IMPROVING PROTOCOLS. Current pest management methods on aircraft need to be improved. As bed bug populations continue to proliferate throughout the world, consumer complaints will no doubt drive efforts toward improving eradication methods. Thorough inspections of the aircraft will be necessary to locate the areas of infestation in the cabin. Insecticide applications, and other treatment methods, will need to be applied and evaluated for efficiency. The treatment processes will need to be flexible so that they can be scaled to adequately address the size and distribution of the infestation on the type of air frame being treated.

Most recently, a four-phase approach has proven to be the most effective for treating bed bugs on a variety of aircraft. This sequential protocol involves using a vacuum to reduce the number of bed bugs immediately, then using steaming to kill additional bed bugs and their eggs. Steaming is followed by the application of a desiccant dust to provide residual activity. The success of these control measures is determined by re-inspection of the aircraft for survivors at weekly intervals following the initial treatment (Adam Juson, unpublished results). The specific elements of this treatment protocol are described later in the article.

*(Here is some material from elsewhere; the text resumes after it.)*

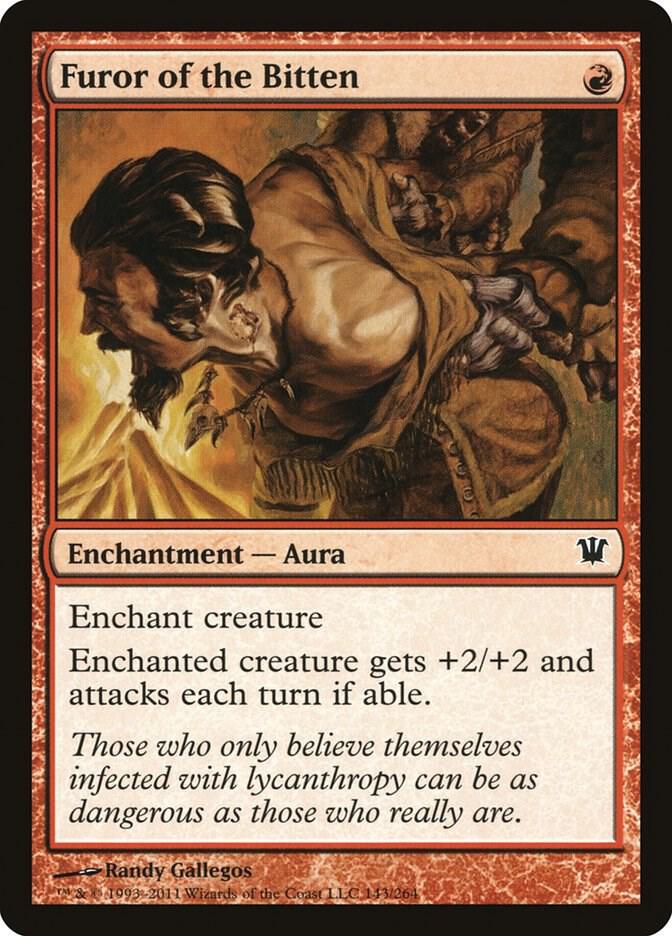 Furor of the Bitten card image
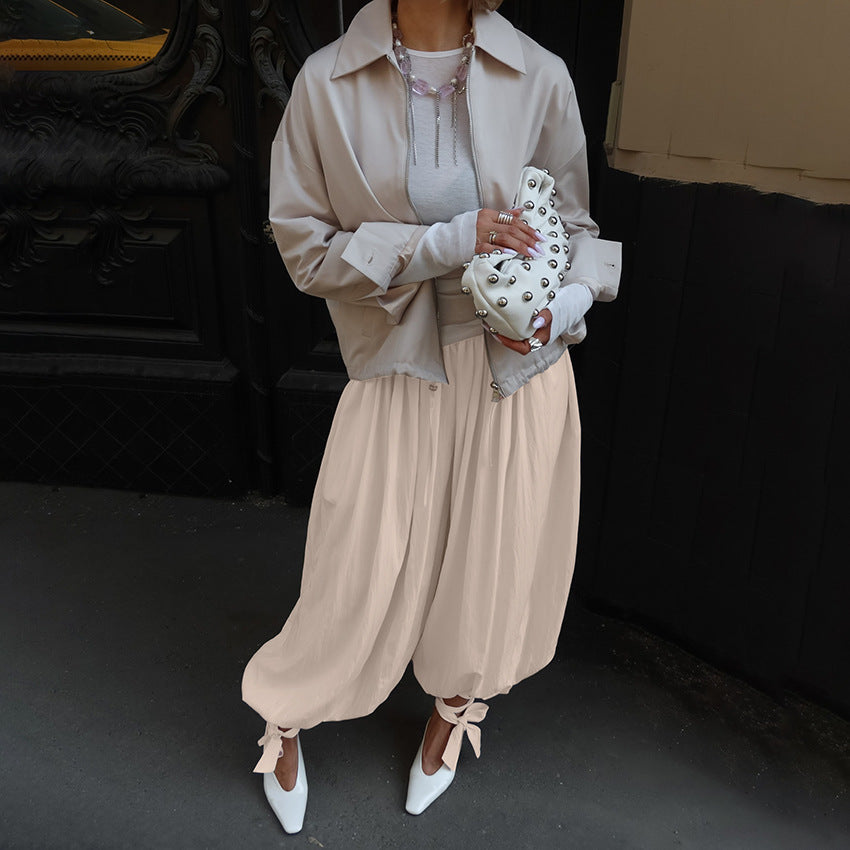Stylish, Chic, And Casual Long Pants With A Designer Aesthetic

The information gathered from the initial inspection (the relative number of bed bugs and their specific locations) is used to inform the PMP where to vacuum. The vacuuming physically removes both live and dead bed bugs, and their cast skins. This initial removal of bed bugs and their debris does a lot to improve the efficacy of subsequent treatments. Vacuuming the major bed bug harborages found within aircraft seating has been found to reduce living bed bug biomass by about 70 percent.

Topical heat treatment using steam is highly effective at killing bed bug eggs left behind after vacuuming. Steam is also good for penetrating the airline seating. Steam has been found most effective for treating light- to moderate infestations. Treating airline seating with steam requires the removal of the seat cover by airline personnel. The cover is then thoroughly vacuumed, and steam applied to all seams. The steamer is used to treat the seat structure and cushioning. Steam should be applied methodically, starting at the head rest, moving down the seat back, and finally onto the base of the seat and the foot rests. The treatment should be focused on, but not limited to, bed bug harborages that would be located near the passenger’s shoulders and waist. It is very important that the steam velocity exiting the steamer head be limited to minimize the risk of blowing live bed bugs around inside the aircraft.

In the rare case of a high-level infestation, localized or full cabin heat treatment should be considered. If the infestation is restricted to the seating cabin, the use of a tented heat treatment will provide satisfactory results, providing that all potential harborage locations reach 131°F (55°C), and there are no cold spots. If the infestation extends behind the cabin wall paneling, or into the floor runners or electrical runs, it will be necessary to pre-heat the exterior of passenger aircraft before heating the interior cabin. The exterior heating will prevent bed bugs from migrating behind the aircraft’s thermal blanketing.

Residual treatment is applied to key bed bug harborage locations using a desiccant dust (which must have AMS1450a approval). This application will prevent re-infestation of harborages in passenger seating and other hard-to-treat locations. Desiccant dusts will not only kill bed bugs exposed to the dust but will act in a prophylactic manner to reduce the ability of newly introduced bed bugs from establishing an infestation.

As with any bed bug treatment, the infested treated area needs to be inspected post-treatment to evaluate the results. Re-inspection should be undertaken at weekly intervals to determine treatment efficacy. Any remaining bed bugs should receive focused remedial treatment until complete control is achieved.

In summary, the management of bed bugs on aircraft poses many logistical and engineering challenges. Furthermore, the industry is so highly regulated that significant constraints are imposed as to the range of control options that are available to the PMP. Similar to managing bed bug infestations in other locations, only an integrated and sustained approach will ensure bed bug eradication on aircraft.